The phytoplankton blooms support vast numbers of small animals called zooplankton. In warm water, the phytoplankton remain closer to the surface. This favors the type of zooplankton that feed walleye pollock, rather than those consumed by many sea mammals and larger fish found deeper in the ocean. Scientists have speculated that the warming period begun in the mid-1970s shifted the availability of food so as to ultimately benefit the pollock population.

“Phytoplankton fuel the growth of all the other species,” Brown said. The structure of the ecosystem “depends on where they end up.”

But conclusions about the effect of regional warming were based on satellite records of sea ice retreat that only extended back as far as 1979. Using surface air temperature measurements as a guide, Brown was able to test the theory by extrapolating annual conditions back to 1948.

Brown’s data showed a slow oscillation between colder and warmer eras in the Bering Sea, rather than a steady rise in temperatures. These shifts in the prevailing temperature were likely driven by the atmospheric fronts and ocean currents that impact the region, he said. Though annual variations in sea ice retreat had significant effects on the spring blooms, there was no indication of any long-term shifts in the timing of when sea ice melted each year.

Defying expectations—and warming in other regions, such as the Arctic Ocean further north—the Bering Sea has also entered another cold period over the past few years, Brown said. 2012 had the iciest conditions on record.

The value of this research, Arrigo said, is that it creates a longer timeline for conditions in the Bering Sea, providing broader context for what has been happening to the regional climate.

“You can almost get any trend you want if you don’t go back far enough,” he said.

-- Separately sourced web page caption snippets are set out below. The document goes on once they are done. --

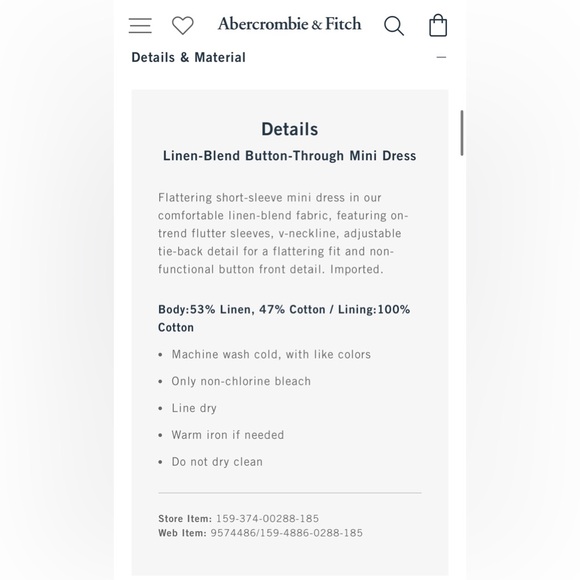 Abercrombie Linen Blend Button Through Mini Dress Size Medium - Picture 3 of 5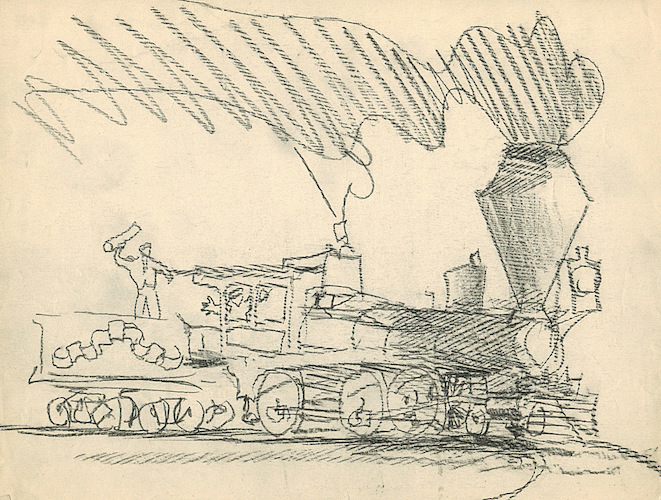 Lokomotiven. Lokomotive vor der Kurve, Heizer mit Holzscheit auf dem Tender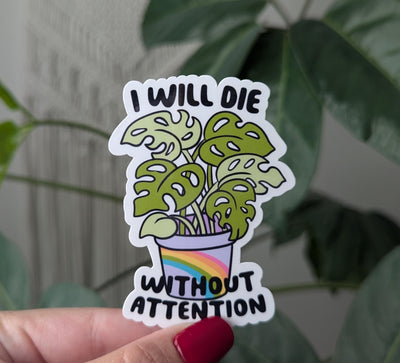 Plant stickers for hydroflask funny, drama queen, sarcastic stickers for water bottle, plant lover gift for friend, monstera sticker for her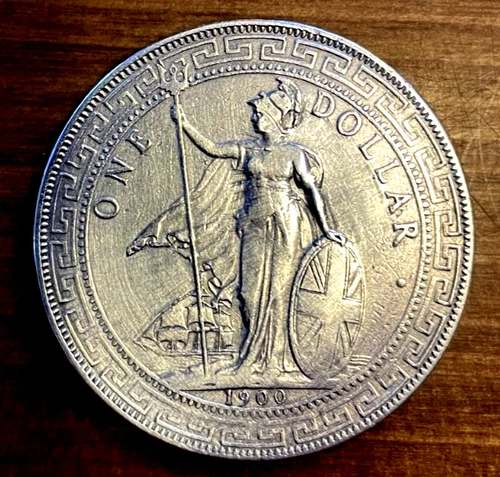 1900-Britain-Trade dollar-Oriental border-Circulated -in airtight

Because the Bering Sea had experienced prior warm periods, Brown concluded that other factors probably caused the walleye pollock swell in the 1970s. He theorizes that the pollock population may instead have surged as result of devastating whaling in the region, which took off after World War II and only ended in the early 1970s. The pollock competes for food with some species of whale, and is preyed upon by several others; their disappearance from the Bering Sea could have allowed the fish to thrive.

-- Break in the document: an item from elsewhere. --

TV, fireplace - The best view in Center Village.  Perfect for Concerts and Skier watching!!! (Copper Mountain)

Walleye pollock has become one of the world's most valuable fisheries, worth a billion dollars per year. (Photo courtesy of NOAA)
Walleye pollock has become one of the world’s most valuable fisheries, worth a billion dollars per year. (Photo courtesy of NOAA)

“We do a disservice when we ignore the direct impacts that humans can have on the environment,” Brown said.

Still, not everyone is convinced that Brown has ruled out a climate role in the pollock boom. Nicholas A. Bond, who researches air-sea interactions in the Pacific at the University of Washington, cautions against underplaying the impact of even temporary climate variations.

“The rules change in different climate regimes,” Bond said.

“Warmer conditions in the late ‘70s led to a whole shift in the ecosystem structure of the Bering Sea community,” he added. “The walleye pollock took advantage of it.”

While whaling may have contributed to the pollock population increase, Bond said, it’s difficult to measure how much any one element affects the system as a whole. That makes predicting and preparing for the sustainability of the walleye pollock fishery a challenge, especially if future warming once again drastically shifts the conditions that determine the Bering Sea food web.

For one of the world’s most important fish, it seems uncertainty is the only sure thing.